Yine de yapımcıların üzerine fazla gitmemek gerek; film  boyunca  övdüğü kişilerin başlattığı ve sahiplendiği hususun, yani Çözüm Süreci'nin yine aynı kişiler tarafından -kolayca- yok hükmünde sayılabileceğini onlar bile tahmin edememiş olabilir..


Belli ki 'parayı bulmuş' film yapım ekibinin, karada, havada, denizin üstünde ve altında muhtelif çekimler yapmak için kendine fırsat yaratmasına; hiçbir anlam ifade etmediği gibi, gayet de gereksiz görüntü efektleriyle artistlik yapmasına tanık olup da, pek edepli atasözlerimizden, "Arap yağı bol buldu mu kıçına başına sürermiş"in akla gelmemesi imkânsız..

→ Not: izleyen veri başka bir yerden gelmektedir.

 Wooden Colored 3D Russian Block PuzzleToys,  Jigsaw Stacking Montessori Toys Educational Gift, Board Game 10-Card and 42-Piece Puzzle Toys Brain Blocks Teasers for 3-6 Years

O değil de, her "Başbakan" dendiğinde ya da kendisinin o mübarek sesini her duyduğumuzda falan kameranın bir anlığına ve kendiliğinden 'zoom in - zoom out' yaparak, adeta bir deprem efekti yaratılmasını ben filmin görüntü yönetmenine değil de, o an devreye giren uhrevi bir güce bağlıyorum.. yerseniz tabii!.

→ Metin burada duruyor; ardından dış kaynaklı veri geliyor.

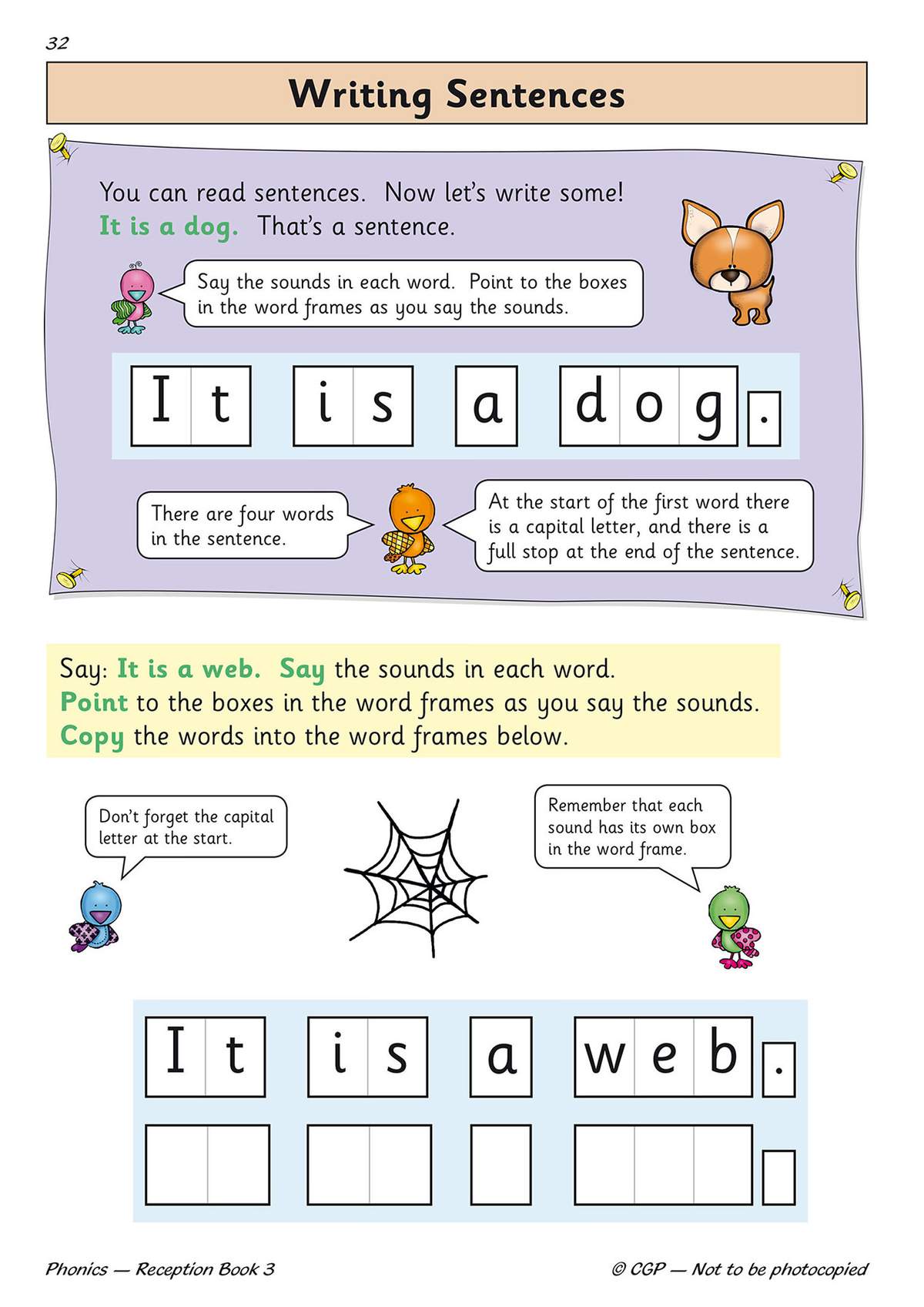 Children copy sentences into word frames, practising phonics and handwriting with cartoon characters guiding them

Velhasılıkelam, her propaganda filmi gibi, her kişiye ve olan biten her şeye fanatik marka bir at gözlüğünün arkasından bakan Darbe'nin, malum selefinden yarım puan daha iyi bir yapım olduğunu, meraklısına müjdeler; Tv ekranlarında her yarım saatte bir, önüne çıkan herkese fırça atarken izlediğimiz malum kişiyi bir de sinema perdesinde göstermediği için de, ilgili kişiye şükranlarımı sunarım..

Darbe

Yönetmen: Yasin Uslu
Senaryo: Deniz K. Yılmaz, Avni Özgürel
Oyuncular: Cansel Elçin, Erdinç Gülener, Öykü Çelik, Şemsi İnkaya, Ahmet Somers, Denis Capezza, Bülent Alkış, Murat Atik, Fırat Topkorur, Yener Gürsoy, Zafer Kırşan, Oral Özer, Burak Demir, Haluk Cömert, Vural Meriçtan, Bilgihan Birincioğlu ve Kenneth James Dakan

Meraklısına: Bu güzel kızımız -ağbisiyle birlikte- filmin aksiyon unsurudur.

  1.5 / 5


1 yorum:

  1. Adsız4.2.16

    Sade bir konuda hem fikrim, oda devlet imkanlarından faydalanarak yapılması. Insanlar sizin anladığınız gibi algılar. Film bence de çok iyi değil di özellikle sonu. Ama tahmin ediyorum ki devamı gelebilir. Filmin propagandalığına gelince emin olun paralel yapının varlığına inanan inanıyor inanmayan da inanmıyor. Bu filmi izleyen aklı selim hiç kimse demez ki ''gördün mü devletin içinde bir paralel yapı varmış!" Müsterih olun sizin gibi düşünenler için değil film, gökten zembille bile inse yine de inanmazsınız. Ama seyredip yorum yaptığınız için teşekkürler.